[
https://issues.apache.org/jira/browse/MAHOUT-834?page=com.atlassian.jira.plugin.system.issuetabpanels:comment-tabpanel&focusedCommentId=13195934#comment-13195934
]
Suneel Marthi commented on MAHOUT-834:
--------------------------------------
1. What was the outcome of this thread? I am having the same issue and had
opened a Jira ticket - Mahout-964 (much before I saw this thread). I do agree
that the RowSimilarityJob needs an overwrite option to cleanup the output and
temp folders from a previous run.
2. Another concern I have is if the input similarity measure specified is not a
valid one, like for example:-
mahout rowsimilarity --input matrixified/matrix --output sims_foo/
--numberOfColumns 27684 --similarityClassname SIMILARITY_COS
--excludeSelfSimilarity
then RowSimilarityJob should exit immediately instead of going ahead with
trying to execute the Normalizer, CooccurrencesMapper and UnsymmetrifyMapper.
3. The 'excludeSelfSimilarity' option needs to be given an explicit value of
'true' or 'false' otherwise the following always defaults to 'false'
mahout rowsimilarity --input matrixified/matrix --output sims_foo/
--numberOfColumns 27684 --similarityClassname SIMILARITY_COSINE
--excludeSelfSimilarity
This is inconsistent with the way --overwrite option works. Merely specifying
--excludeSelfSimilarity on the Commandline does not set it to 'true'.

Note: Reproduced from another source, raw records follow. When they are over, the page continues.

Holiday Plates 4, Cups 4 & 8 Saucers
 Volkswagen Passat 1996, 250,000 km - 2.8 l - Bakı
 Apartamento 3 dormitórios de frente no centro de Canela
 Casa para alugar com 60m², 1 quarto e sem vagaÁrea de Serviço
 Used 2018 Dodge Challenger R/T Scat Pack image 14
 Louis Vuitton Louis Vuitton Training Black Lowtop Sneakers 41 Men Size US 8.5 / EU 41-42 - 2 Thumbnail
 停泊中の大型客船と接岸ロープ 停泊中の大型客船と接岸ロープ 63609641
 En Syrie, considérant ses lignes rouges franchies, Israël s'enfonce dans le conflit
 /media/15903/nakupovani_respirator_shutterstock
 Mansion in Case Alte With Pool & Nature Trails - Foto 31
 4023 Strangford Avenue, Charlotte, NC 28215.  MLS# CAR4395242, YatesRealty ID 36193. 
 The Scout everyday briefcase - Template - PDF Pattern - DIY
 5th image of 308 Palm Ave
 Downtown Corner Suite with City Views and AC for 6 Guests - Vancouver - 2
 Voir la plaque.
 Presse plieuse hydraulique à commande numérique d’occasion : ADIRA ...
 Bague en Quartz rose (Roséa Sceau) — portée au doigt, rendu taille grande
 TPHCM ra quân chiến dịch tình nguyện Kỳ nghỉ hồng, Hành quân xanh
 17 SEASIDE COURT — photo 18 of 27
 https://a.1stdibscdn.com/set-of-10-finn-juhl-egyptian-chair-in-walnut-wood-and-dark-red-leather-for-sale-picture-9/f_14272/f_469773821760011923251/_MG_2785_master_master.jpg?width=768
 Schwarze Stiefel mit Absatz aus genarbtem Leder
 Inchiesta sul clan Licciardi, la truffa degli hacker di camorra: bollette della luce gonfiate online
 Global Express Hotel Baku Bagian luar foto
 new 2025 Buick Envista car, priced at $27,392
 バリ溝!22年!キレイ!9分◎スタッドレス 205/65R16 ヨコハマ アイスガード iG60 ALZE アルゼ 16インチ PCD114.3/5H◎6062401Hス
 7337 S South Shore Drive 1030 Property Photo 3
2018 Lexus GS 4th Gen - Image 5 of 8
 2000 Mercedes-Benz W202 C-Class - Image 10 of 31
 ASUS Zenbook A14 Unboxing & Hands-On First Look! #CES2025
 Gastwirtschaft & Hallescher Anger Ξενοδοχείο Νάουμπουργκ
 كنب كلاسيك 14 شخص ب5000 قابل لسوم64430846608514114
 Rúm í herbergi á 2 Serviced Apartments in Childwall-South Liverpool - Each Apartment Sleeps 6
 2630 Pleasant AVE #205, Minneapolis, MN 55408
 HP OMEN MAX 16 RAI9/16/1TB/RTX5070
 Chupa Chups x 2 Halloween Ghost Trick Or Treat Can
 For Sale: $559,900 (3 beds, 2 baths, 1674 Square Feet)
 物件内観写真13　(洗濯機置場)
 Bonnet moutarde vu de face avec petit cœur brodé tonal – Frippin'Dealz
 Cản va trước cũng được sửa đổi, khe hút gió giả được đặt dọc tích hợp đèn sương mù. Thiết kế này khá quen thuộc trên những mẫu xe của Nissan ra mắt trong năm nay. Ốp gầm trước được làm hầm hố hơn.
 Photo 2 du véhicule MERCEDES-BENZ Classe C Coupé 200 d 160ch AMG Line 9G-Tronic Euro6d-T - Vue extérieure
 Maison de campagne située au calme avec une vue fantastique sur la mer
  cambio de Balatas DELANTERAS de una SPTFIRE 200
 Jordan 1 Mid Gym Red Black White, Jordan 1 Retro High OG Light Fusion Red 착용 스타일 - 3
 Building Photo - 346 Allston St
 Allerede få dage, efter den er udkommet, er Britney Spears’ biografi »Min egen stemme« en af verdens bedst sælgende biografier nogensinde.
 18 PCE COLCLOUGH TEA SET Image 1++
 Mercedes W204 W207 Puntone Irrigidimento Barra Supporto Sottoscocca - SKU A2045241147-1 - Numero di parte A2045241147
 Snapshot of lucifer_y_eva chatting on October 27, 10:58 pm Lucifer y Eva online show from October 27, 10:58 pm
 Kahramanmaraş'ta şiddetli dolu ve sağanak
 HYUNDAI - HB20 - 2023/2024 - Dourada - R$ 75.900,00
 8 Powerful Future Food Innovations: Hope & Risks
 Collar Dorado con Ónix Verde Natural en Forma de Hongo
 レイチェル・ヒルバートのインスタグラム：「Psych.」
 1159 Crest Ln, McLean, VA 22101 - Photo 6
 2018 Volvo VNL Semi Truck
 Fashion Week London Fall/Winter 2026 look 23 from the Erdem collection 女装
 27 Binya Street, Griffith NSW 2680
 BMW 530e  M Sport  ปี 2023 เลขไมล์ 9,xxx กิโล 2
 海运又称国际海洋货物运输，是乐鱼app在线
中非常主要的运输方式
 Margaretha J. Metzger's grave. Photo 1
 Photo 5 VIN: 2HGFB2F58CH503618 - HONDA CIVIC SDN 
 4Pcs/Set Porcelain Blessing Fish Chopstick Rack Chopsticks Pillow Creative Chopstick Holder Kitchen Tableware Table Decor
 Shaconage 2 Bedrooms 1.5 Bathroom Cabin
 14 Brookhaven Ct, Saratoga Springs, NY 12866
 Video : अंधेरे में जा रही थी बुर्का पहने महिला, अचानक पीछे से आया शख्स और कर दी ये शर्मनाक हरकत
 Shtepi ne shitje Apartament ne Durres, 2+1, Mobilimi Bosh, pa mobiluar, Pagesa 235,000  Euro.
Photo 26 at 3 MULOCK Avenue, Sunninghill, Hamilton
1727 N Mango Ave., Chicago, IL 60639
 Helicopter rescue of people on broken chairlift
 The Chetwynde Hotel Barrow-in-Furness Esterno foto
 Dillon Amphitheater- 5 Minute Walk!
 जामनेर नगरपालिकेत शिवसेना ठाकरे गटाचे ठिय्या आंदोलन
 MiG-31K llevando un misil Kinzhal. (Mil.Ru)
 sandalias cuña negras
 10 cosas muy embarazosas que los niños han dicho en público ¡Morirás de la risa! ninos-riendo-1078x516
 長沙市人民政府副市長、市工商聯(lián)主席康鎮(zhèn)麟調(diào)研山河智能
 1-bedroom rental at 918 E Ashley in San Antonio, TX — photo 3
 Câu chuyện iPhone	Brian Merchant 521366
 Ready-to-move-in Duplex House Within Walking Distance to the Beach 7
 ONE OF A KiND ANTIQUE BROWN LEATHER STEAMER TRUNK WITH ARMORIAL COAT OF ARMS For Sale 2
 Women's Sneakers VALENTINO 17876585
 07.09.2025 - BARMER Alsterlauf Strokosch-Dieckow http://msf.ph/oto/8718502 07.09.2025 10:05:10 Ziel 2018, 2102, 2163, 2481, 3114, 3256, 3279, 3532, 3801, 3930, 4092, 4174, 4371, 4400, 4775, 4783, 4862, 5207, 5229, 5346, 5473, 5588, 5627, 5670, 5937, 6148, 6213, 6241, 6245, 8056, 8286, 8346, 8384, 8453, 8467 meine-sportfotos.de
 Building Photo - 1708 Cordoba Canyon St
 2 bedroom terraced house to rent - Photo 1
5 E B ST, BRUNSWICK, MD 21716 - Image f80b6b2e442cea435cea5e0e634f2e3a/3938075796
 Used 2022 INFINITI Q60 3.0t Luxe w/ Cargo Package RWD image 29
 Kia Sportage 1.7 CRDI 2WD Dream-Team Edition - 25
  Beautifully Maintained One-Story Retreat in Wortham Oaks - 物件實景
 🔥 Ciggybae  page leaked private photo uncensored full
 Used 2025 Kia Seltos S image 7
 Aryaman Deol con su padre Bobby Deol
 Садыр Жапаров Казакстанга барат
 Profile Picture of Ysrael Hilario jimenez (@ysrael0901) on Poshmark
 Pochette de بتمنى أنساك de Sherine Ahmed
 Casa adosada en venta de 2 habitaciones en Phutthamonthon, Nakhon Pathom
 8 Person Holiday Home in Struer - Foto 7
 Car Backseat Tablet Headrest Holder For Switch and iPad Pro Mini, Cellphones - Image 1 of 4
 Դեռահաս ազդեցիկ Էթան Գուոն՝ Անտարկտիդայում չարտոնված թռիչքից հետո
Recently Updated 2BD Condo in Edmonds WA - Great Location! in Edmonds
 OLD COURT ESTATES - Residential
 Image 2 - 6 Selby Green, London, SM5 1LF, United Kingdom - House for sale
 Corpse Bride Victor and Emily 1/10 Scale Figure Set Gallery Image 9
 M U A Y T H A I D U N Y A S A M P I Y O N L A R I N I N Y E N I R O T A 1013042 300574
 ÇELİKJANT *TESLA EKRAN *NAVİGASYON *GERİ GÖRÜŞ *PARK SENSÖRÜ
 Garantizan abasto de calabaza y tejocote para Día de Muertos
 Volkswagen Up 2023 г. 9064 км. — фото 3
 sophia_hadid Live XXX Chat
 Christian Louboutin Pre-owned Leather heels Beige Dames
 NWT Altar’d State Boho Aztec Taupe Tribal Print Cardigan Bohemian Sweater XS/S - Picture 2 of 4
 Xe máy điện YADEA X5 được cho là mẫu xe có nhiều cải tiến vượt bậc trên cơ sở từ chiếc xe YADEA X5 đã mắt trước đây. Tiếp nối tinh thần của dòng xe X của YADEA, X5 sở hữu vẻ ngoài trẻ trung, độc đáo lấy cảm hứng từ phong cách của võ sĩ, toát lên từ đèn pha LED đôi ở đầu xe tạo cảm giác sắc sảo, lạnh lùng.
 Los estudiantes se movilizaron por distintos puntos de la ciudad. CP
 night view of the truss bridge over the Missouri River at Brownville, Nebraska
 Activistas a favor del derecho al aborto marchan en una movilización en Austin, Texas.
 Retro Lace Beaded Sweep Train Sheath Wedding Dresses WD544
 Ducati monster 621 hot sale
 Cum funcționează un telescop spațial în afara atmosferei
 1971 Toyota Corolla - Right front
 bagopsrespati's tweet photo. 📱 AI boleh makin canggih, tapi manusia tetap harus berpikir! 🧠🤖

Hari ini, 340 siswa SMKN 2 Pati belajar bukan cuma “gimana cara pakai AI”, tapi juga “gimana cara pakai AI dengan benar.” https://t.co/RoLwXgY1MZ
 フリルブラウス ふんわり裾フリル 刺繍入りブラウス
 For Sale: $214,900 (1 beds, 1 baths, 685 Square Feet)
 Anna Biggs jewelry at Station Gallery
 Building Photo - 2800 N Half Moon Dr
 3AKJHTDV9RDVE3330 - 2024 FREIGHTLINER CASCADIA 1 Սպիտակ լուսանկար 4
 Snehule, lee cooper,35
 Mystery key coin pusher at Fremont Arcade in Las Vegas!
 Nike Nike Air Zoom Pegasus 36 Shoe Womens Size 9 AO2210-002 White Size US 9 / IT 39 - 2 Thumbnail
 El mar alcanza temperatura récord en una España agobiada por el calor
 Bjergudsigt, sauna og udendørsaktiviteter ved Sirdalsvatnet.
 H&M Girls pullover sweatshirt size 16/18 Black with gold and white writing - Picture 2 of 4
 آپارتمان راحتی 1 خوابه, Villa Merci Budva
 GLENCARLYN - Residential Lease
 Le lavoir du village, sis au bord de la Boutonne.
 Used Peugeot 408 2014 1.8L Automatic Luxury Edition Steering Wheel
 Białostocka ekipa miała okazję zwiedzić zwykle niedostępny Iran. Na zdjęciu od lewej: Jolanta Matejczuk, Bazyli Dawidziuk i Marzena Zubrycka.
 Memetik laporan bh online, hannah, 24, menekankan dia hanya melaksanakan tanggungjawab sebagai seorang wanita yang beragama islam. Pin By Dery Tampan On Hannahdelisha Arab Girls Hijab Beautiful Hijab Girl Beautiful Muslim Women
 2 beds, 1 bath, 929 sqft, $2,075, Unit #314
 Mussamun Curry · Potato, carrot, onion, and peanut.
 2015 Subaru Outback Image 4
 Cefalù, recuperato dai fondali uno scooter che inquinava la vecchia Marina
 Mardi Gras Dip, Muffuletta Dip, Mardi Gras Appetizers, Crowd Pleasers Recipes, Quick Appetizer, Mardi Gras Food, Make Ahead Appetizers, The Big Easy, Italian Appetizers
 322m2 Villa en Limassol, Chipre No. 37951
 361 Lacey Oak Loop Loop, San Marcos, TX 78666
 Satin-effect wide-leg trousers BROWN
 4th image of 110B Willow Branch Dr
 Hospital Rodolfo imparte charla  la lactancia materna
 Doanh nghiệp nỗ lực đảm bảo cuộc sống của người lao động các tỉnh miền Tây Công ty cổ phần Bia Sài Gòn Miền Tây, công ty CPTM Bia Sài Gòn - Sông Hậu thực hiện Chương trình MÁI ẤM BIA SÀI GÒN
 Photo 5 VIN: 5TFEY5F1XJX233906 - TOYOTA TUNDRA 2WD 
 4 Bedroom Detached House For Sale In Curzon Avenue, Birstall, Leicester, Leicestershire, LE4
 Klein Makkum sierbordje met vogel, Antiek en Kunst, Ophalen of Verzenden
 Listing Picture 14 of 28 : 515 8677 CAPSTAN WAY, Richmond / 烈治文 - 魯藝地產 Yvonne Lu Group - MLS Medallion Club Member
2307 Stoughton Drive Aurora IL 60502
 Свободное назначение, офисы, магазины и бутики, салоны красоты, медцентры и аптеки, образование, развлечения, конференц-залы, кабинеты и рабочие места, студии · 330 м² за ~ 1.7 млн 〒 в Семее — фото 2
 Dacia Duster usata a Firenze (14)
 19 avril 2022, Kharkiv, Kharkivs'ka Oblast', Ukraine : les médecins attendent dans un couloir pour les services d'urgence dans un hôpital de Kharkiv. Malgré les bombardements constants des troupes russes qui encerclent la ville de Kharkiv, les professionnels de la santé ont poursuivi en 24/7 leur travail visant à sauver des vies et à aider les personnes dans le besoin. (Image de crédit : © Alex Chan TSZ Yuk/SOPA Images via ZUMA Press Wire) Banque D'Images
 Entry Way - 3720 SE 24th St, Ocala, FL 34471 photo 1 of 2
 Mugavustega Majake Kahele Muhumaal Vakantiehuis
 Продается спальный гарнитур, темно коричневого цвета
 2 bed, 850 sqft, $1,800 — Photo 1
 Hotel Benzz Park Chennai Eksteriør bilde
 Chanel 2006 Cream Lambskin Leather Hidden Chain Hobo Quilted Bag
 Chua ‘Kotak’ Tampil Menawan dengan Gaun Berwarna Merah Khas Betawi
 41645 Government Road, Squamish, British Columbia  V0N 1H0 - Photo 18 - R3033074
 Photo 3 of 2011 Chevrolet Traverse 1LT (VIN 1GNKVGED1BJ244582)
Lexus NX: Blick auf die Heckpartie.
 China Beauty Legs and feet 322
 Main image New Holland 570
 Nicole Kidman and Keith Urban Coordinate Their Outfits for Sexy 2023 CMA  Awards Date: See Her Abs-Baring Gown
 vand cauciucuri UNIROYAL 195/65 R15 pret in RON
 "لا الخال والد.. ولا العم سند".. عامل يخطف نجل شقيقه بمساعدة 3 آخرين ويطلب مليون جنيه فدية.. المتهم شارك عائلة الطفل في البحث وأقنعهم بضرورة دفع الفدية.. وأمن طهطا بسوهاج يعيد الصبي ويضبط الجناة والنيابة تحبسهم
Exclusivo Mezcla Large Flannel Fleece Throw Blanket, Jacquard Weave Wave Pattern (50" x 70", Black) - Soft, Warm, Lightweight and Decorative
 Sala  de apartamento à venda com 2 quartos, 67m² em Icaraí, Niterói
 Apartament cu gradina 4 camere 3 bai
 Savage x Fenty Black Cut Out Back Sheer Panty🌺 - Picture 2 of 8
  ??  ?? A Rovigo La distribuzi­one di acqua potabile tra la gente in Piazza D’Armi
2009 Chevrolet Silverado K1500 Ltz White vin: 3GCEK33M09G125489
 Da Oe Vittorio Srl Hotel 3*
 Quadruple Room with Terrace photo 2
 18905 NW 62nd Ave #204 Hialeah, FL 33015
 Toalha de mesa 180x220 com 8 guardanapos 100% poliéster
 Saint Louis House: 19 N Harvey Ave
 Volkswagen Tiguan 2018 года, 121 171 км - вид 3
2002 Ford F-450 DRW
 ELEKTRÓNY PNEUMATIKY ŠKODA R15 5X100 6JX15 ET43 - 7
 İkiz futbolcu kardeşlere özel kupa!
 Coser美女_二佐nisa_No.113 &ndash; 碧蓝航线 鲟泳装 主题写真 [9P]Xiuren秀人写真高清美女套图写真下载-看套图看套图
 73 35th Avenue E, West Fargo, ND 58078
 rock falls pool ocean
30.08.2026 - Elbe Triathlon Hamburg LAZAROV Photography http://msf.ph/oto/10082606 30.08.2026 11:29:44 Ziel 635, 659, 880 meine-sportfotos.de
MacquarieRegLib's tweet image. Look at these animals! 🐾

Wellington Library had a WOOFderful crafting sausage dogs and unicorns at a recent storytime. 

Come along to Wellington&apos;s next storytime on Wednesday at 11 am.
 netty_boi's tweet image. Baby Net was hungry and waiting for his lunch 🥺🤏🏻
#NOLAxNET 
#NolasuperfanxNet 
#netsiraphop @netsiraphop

> rowsimilarityjob doesn't clean it's temp dir, and fails when seeing it again
> ----------------------------------------------------------------------------
>
> Key: MAHOUT-834
> URL: https://issues.apache.org/jira/browse/MAHOUT-834
> Project: Mahout
> Issue Type: Bug
> Components: Integration
> Reporter: Dan Brickley
> Priority: Minor
>
> If I do this:
> mahout rowsimilarity --input matrixified/matrix --output sims/
> --numberOfColumns 27684 --similarityClassname SIMILARITY_LOGLIKELIHOOD
> --excludeSelfSimilarity
> then clean my output and rerun,
> rm -rf sims/ # (though this step doesn't even seem needed)
> then try again:
> mahout rowsimilarity --input matrixified/matrix --output sims/
> --numberOfColumns 27684 --similarityClassname SIMILARITY_LOGLIKELIHOOD
> --excludeSelfSimilarity
> The temp files left from the first run make a re-run impossible - we get:
> "Exception in thread "main"
> org.apache.hadoop.mapred.FileAlreadyExistsException: Output directory
> temp/weights already exists".
> Manually deleting the temp directory fixes this.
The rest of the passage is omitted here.